París, a 17 de febrero de 1903
Muy distinguido
señor:
Hace sólo pocos
días que me alcanzó su carta, por cuya grande y afectuosa confianza quiero
darle las gracias. Sabré apenas hacer algo más. No puedo entrar en minuciosas
consideraciones sobre la índole de sus versos, porque me es del todo ajena
cualquier intención de crítica. Y es que, para tomar contacto con una obra de
arte, nada, en efecto, resulta menos acertado que el lenguaje crítico, en el
cual todo se reduce siempre a unos equívocos más o menos felices.
Las cosas no son
todas tan comprensibles ni tan fáciles de expresar como generalmente se nos
quisiera hacer creer. La mayor parte de los acontecimientos son
inexpresables; suceden dentro de un recinto que nunca holló palabra alguna. Y
más inexpresables que cualquier otra cosa son las obras de arte: seres llenos
de misterio, cuya vida, junto a la nuestra que pasa y muere, perdura.
Dicho esto, sólo
queda por añadir que sus versos no tienen aún carácter propio, pero sí unos
brotes quedos y recatados que despuntan ya, iniciando algo personal. Donde
más claramente lo percibo es en el último poema: "Mi alma". Ahí hay
algo propio que ansía manifestarse; anhelando cobrar voz y forma y melodía. Y
en los bellos versos "A Leopardi" parece brotar cierta afinidad con
ese hombre tan grande, tan solitario. Aun así, sus poemas no son todavía nada
original, nada independiente. No lo es tampoco el último, ni el que dedica a
Leopardi. La bondadosa carta que los acompaña no deja de explicarme algunas
deficiencias que percibí al leer sus versos, sin que, con todo, pudiera
señalarlas, dando a cada una el nombre que le corresponda.
Usted pregunta si
sus versos son buenos. Me lo pregunta a mí, como antes lo preguntó a otras
personas. Envía sus versos a las revistas literarias, los compara con otros
versos, y siente inquietud cuando ciertas redacciones rechazan sus ensayos
poéticos. Pues bien -ya que me permite darle consejo- he de rogarle que
renuncie a todo eso. Está usted mirando hacia fuera, y precisamente esto es lo
que ahora no debería hacer. Nadie le puede aconsejar ni ayudar. Nadie... No
hay más que un solo remedio: adéntrese en sí mismo. Escudriñe hasta descubrir
el móvil que le impele a escribir. Averigüe si ese móvil extiende sus raíces
en lo más hondo de su alma. Y, procediendo a su propia confesión, inquiera y
reconozca si tendría que morirse en cuanto ya no le fuere permitido escribir.

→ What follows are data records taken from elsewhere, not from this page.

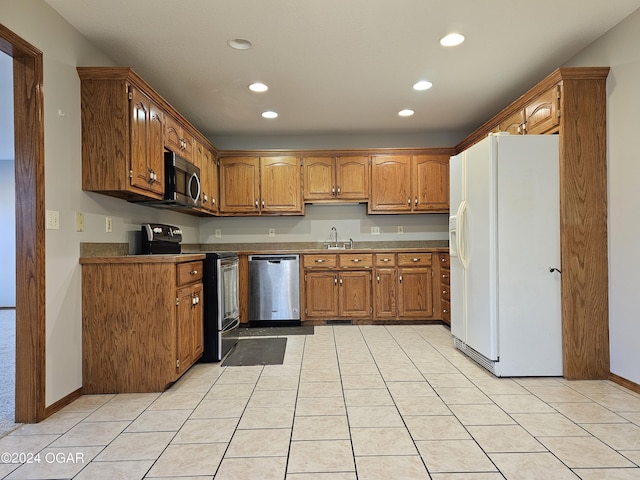 kitchen with sink, light tile patterned floors, and stainless steel appliances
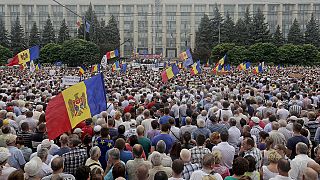 Moldovans protest over banking scandal in a rare show of defiance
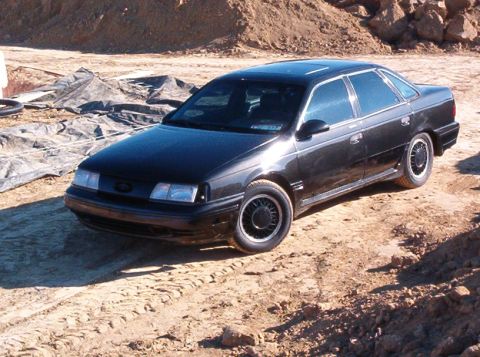 1990 Ford Taurus - A black sedan with a sunroof is parked on a dirt lot, viewed from a three-quarter front angle.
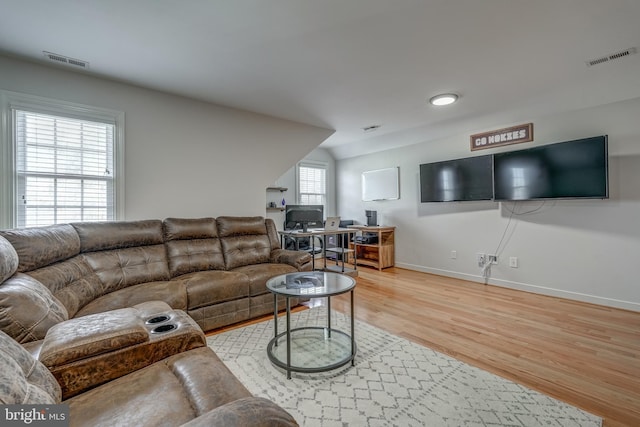 living area with visible vents, vaulted ceiling, baseboards, and wood finished floors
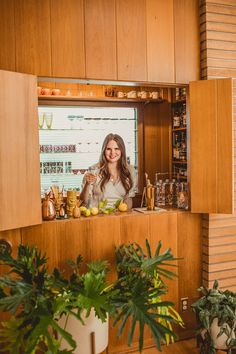 a woman standing in front of a counter filled with fruit and drinks on top of wooden cabinets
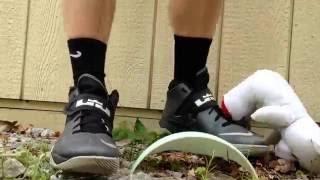 Boy crushing teddy bear with Nike shoes and elite socks. Hot smelly feet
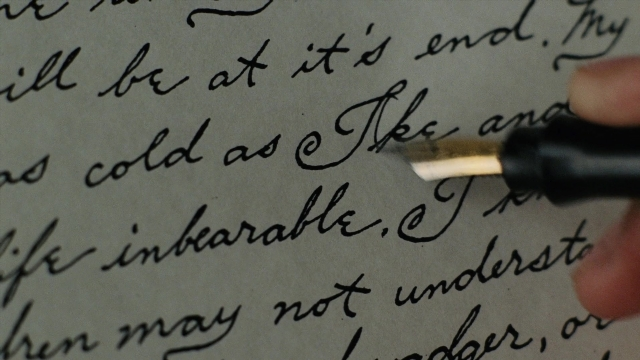 Frame from A Series of Unfortunate Events — hand, penguin, person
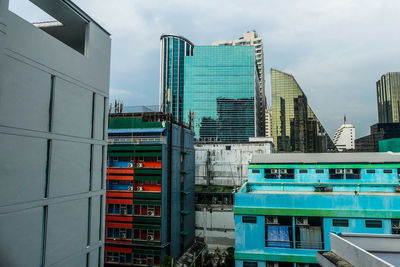 Low angle view of modern building against sky in city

Ante todo, esto: pregúntese en la hora más callada de su noche: "¿Debo
yo escribir?" Vaya cavando y ahondando, en busca de una respuesta
profunda. Y si es afirmativa, si usted puede ir al encuentro de tan seria
pregunta con un "Si debo" firme y sencillo, entonces, conforme a
esta necesidad, erija el edificio de su vida. Que hasta en su hora de menor
interés y de menor importancia, debe llegar a ser signo y testimonio de ese
apremiante impulso. Acérquese a la naturaleza e intente decir, cual si fuese
el primer hombre, lo que ve y siente y ama y pierde. No escriba versos de
amor. Rehuya, al principio, formas y temas demasiado corrientes: son los más
difíciles. Pues se necesita una fuerza muy grande y muy madura para poder dar
de sí algo propio ahí donde existe ya multitud de buenos y, en parte,
brillantes legados. Por esto, líbrese de los motivos de índole general.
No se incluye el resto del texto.